A recent editorial in the Providence Journal cataloged everything it could find wrong with Connecticut and ended with this suggestion: “Gov. Gina Raimondo should see if at least some of those jobs could come to Rhode Island. It is certainly less risky than the Nutmeg State.”

We beg your pardon.

The state with world-famous pension problems and persistent economic issues of its own is “less risky”?

The Journal itself reported just a few weeks ago on Rhode Island’s own significant economic problems, which in many ways reflect Connecticut’s.

Rhode Island enjoys a legacy of corruption that not even Connecticut can match. The ProJo won a Pulitzer Prize in 1994 for uncovering widespread corruption within its own court system.

What, exactly, is to be gained from moving to Rhode Island?

Like Connecticut, Rhode Island has an income tax and an estate tax with comparable rates. (Forbes magazine listed it as one of the states “Where Not To Die.” Connecticut made the list, too.)

Connecticut and Rhode Island’s interdependence has been limited, with the exception of the interstate economy created by Electric Boat in Groton. There have been no border wars and very little bloodshed. A few jokes about Rhode Island’s size, maybe, but if we’re being honest, Connecticut doesn’t really have a lot going on in that department either.

A little interstate competition is fine, but if Connecticut suffers, so does Rhode Island — and all of New England, for that matter.

Connecticut is losing residents at a troubling rate, but Rhode Island has an outmigration problem of its own. From 2015 to 2016, the Ocean State experienced a net loss of about 2,000 tax filers, who took with them more than $182 million in adjusted gross income. The top destination states for people who fled Rhode Island were Massachusetts, Florida and — wait for it — Connecticut.

Connecticut residents moved to Rhode Island as well, of course. But Connecticut’s population is 3½ times as big as Rhode Island’s. So the 1,175 tax filers who left Rhode Island for Connecticut represent a far larger portion of the Ocean State than the 1,220 who moved from Connecticut to Rhode Island. If any state should be concerned about losing residents to its neighbor, it’s Rhode Island.

But we don’t want to poach Rhode Islanders. We’d rather celebrate Electric Boat’s growth and the burgeoning workforce that supports both states. We’d rather cheer CVS for buying Aetna and keeping it in Hartford than try to woo CVS from Woonsocket.

A booming Connecticut, especially in the insurance and defense industries, only helps Rhode Island.

As Electric Boat — headquartered in Connecticut, might we emphasize — grows over the next decade, the effect on Little Rhody will be profound, as the ProJo’s editorial board pointed out. A thriving border economy helps both states as supplier chains develop and as feeder businesses bloom.

But for the same reasons that the stain of a Hartford bankruptcy would spread to the suburbs, if Connecticut becomes an economic wasteland, the effects would be felt across New England.
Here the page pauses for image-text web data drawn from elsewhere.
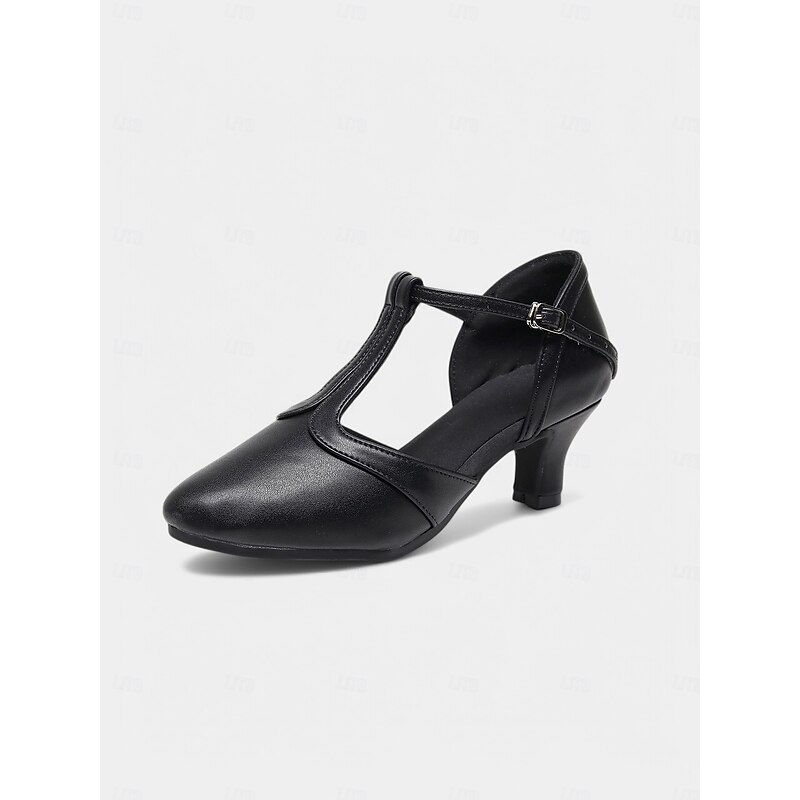 Beige T-Strap Dance Shoes - Elegant Latin & Ballroom Performance Heels for Women4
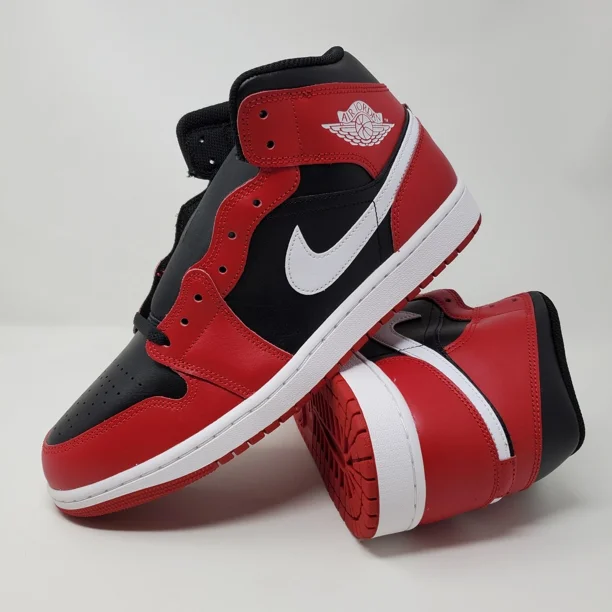 N I-K-E A i r-Jor-dan 1 Mid Shoes Black Gym Red White DQ8426-061 Men's Size 10.5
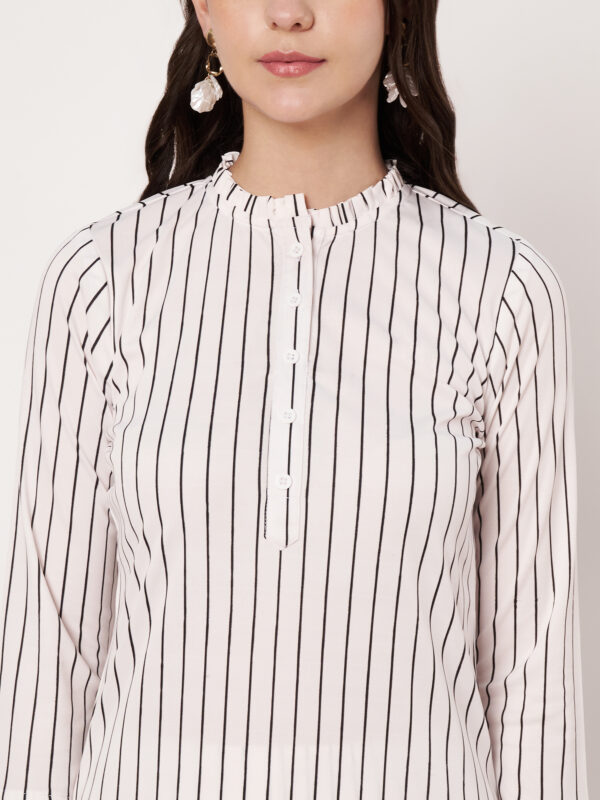 Striped Polyester Straight Kurta - Set (White)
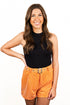 Saturday Shimmer Orange Crystal Belted Shorts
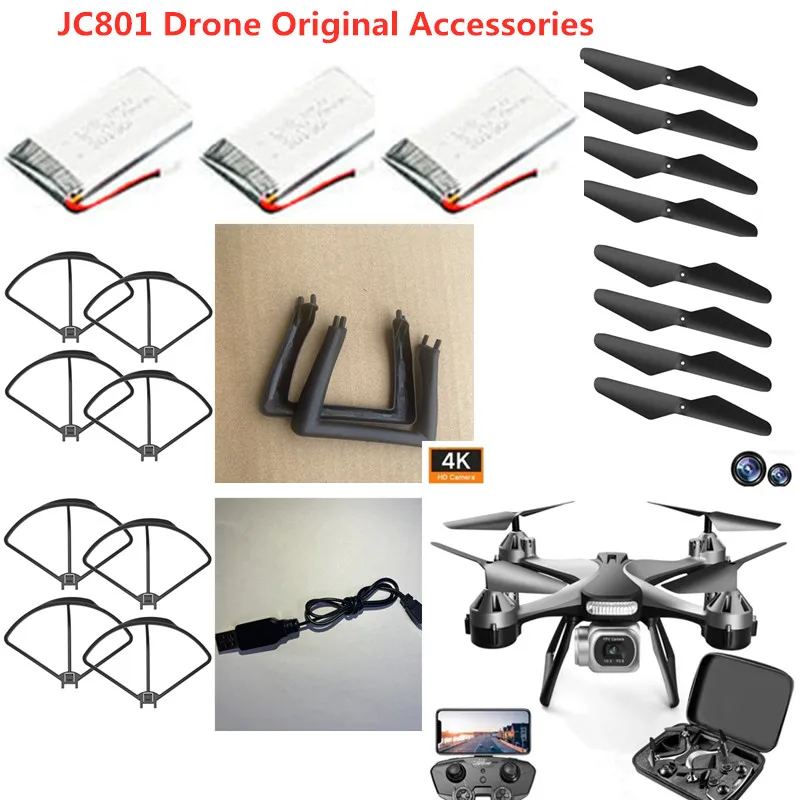 Batterie au lithium de remplacement pour importateur JC801 RC, avec hélice, train d'atterrissage, USB, 3.7V, 2000mAh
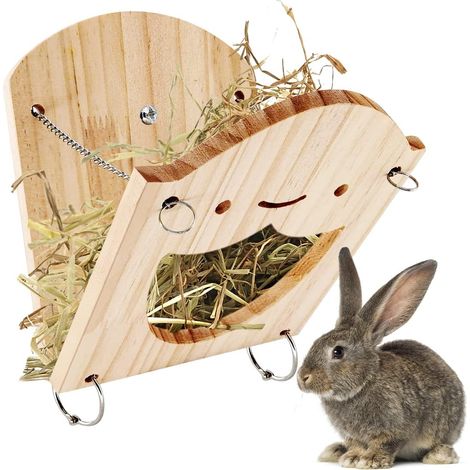 Distributeur de Nourriture en Bois – Lapin, Cochon d'Inde (1/5)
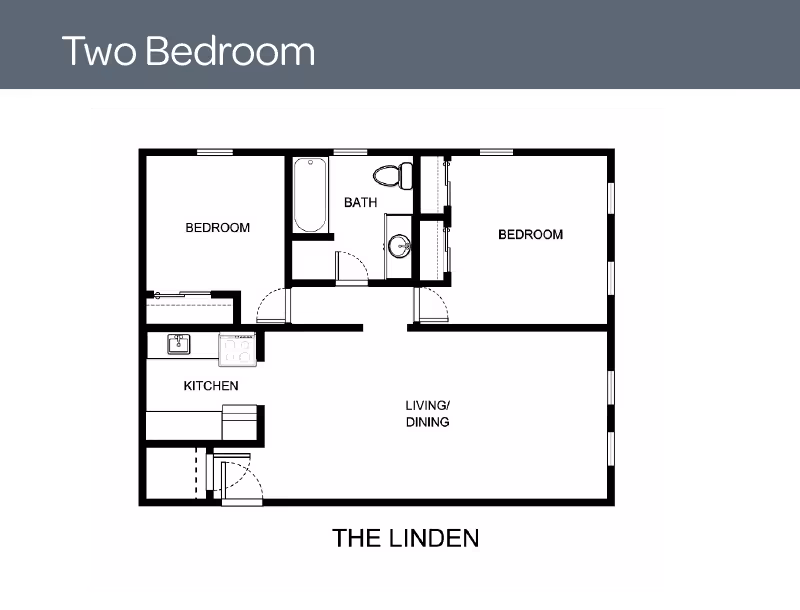 Floor plan titled 'Two Bedroom' showing a layout named 'The Linden' with two bedrooms, one bathroom, a kitchen, and a combined living and dining area.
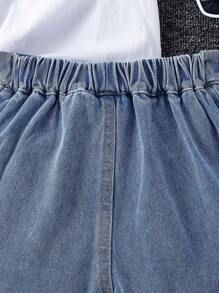 SHEIN 年轻女孩儿童女孩休闲时尚褶皱设计裤，带蝴蝶结侧边带，水洗牛仔蓝色舒适腰部百搭短裙，新款简约街头时尚 - 中等水洗藍 - 查看 3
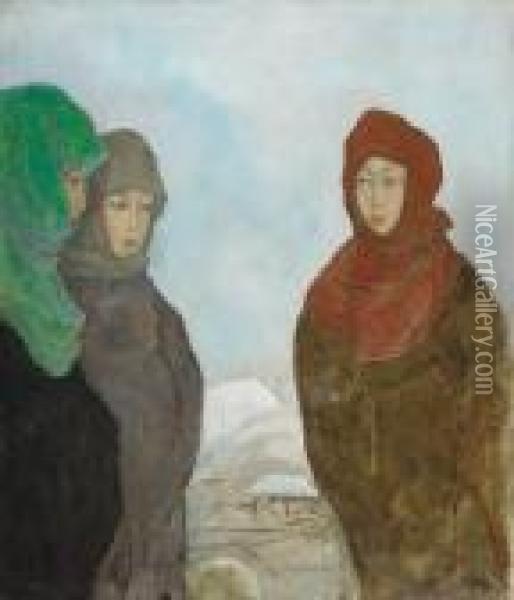 Japanerinnen Im Winterkleid Oil Painting - Emil Orlik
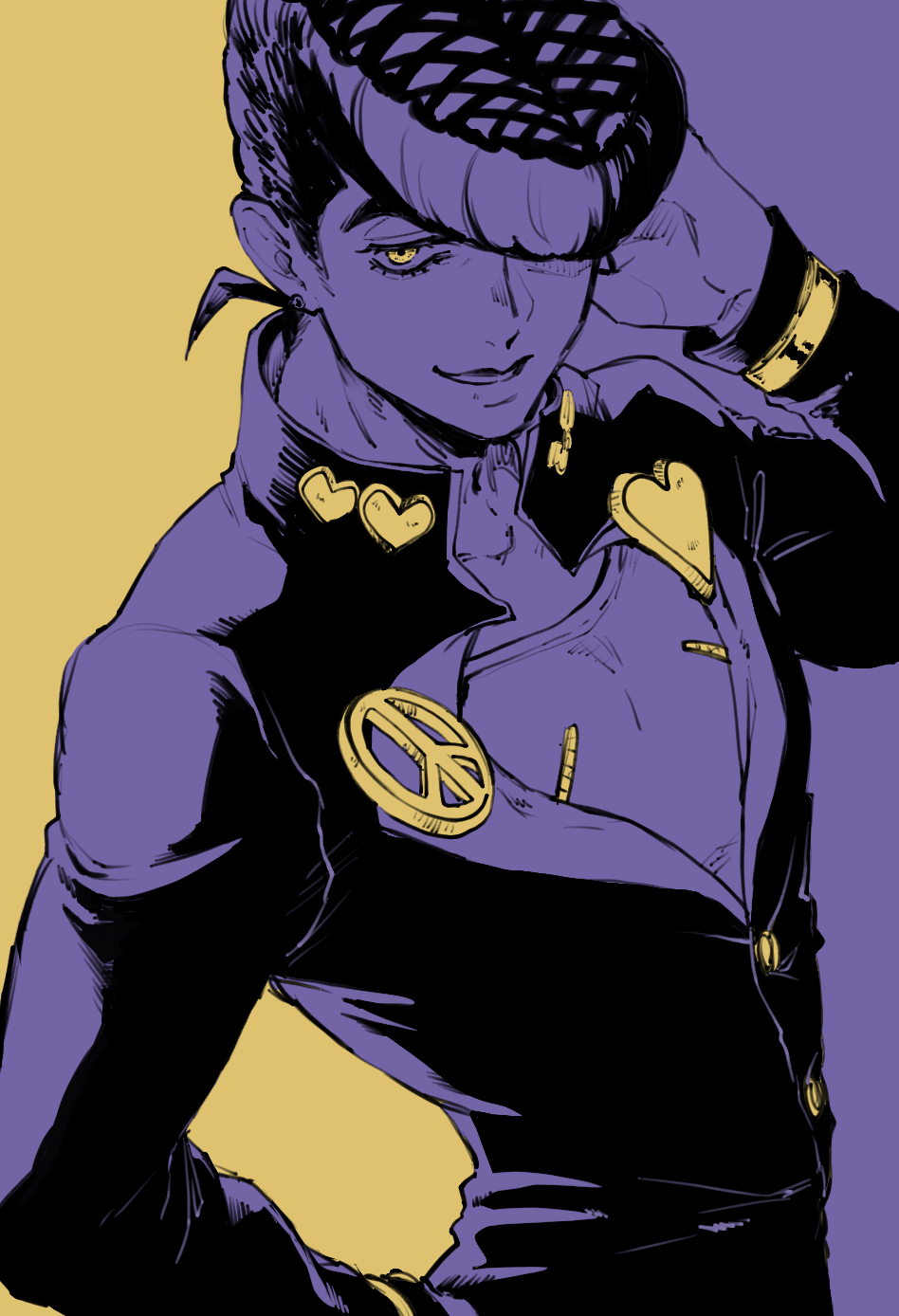 1boy, diamond_wa_kudakenai, gakuran, hair_over_one_eye, hand_on_own_thigh, heart_pin, higashikata_josuke, highres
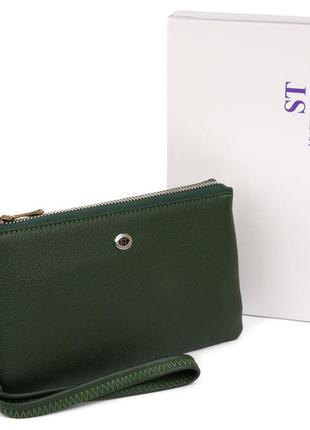 Вместительный клатч из двух частей женский st leather 19253 зеленый5 фото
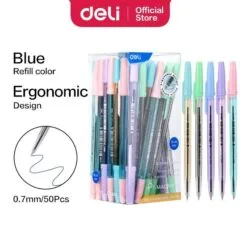 DELI BALL POINT PASTEL PEN 0.7MM BLUE 50 PCS ASSORTED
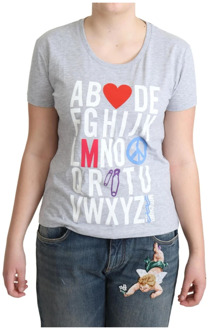 Moschino Authentiek Alfabet Letters T-Shirt Moschino , Gray , Dames - S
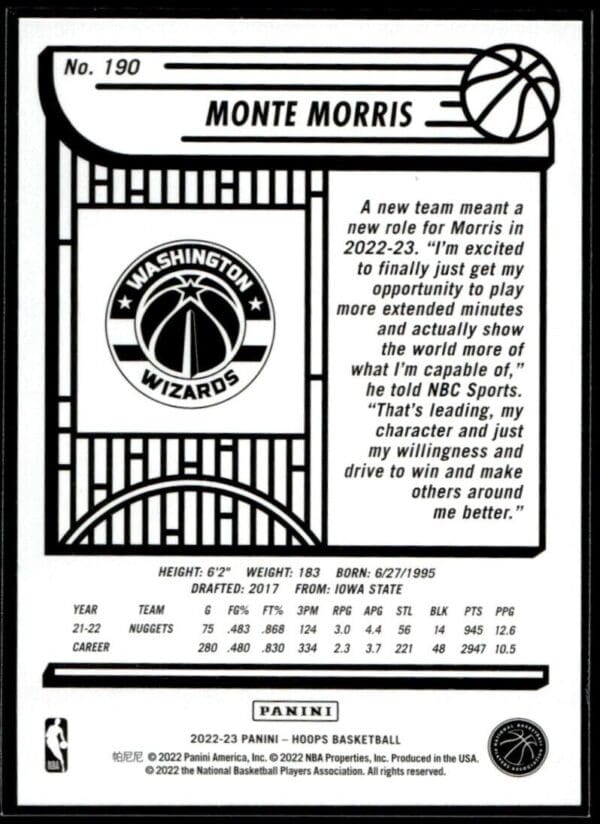 2022 Hoops Washington Wizards #190 Monte Morris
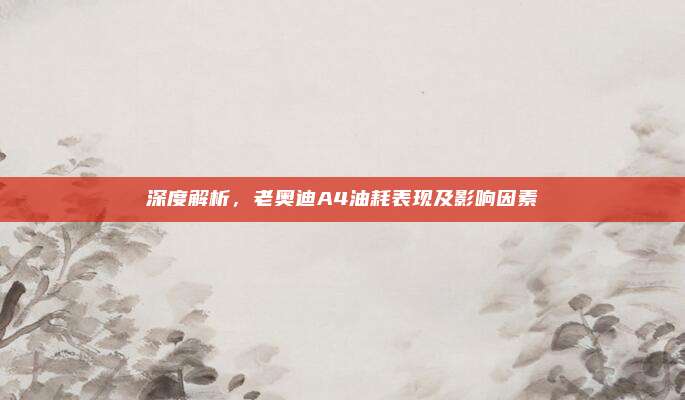 深度解析,老奥迪A4油耗表现及影响因素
If Rhode Island and Connecticut want to find a way out of the muck, far better for them to work together.

Yes, Connecticut can learn from Rhode Island. Connecticut’s pension problems are similar to those that threatened to swamp Rhode Island, but there are key differences, especially in that Connecticut’s pensions are contractual, where in Rhode Island, they were set by state statute.

Rhode Island made some tough choices and anticipated a legal battle to solve its problems. Connecticut leaders might have to find the stomach for the same type of strategy.

Connecticut and Rhode Island have a lot in common, including language. We both drive around the rotary to get a grinder at Cumbie’s, for example. And we are glad that Rhode Island has made progress on its pension issues.

But that’s no reason to try to poach a few residents. A regional approach would be much wiser.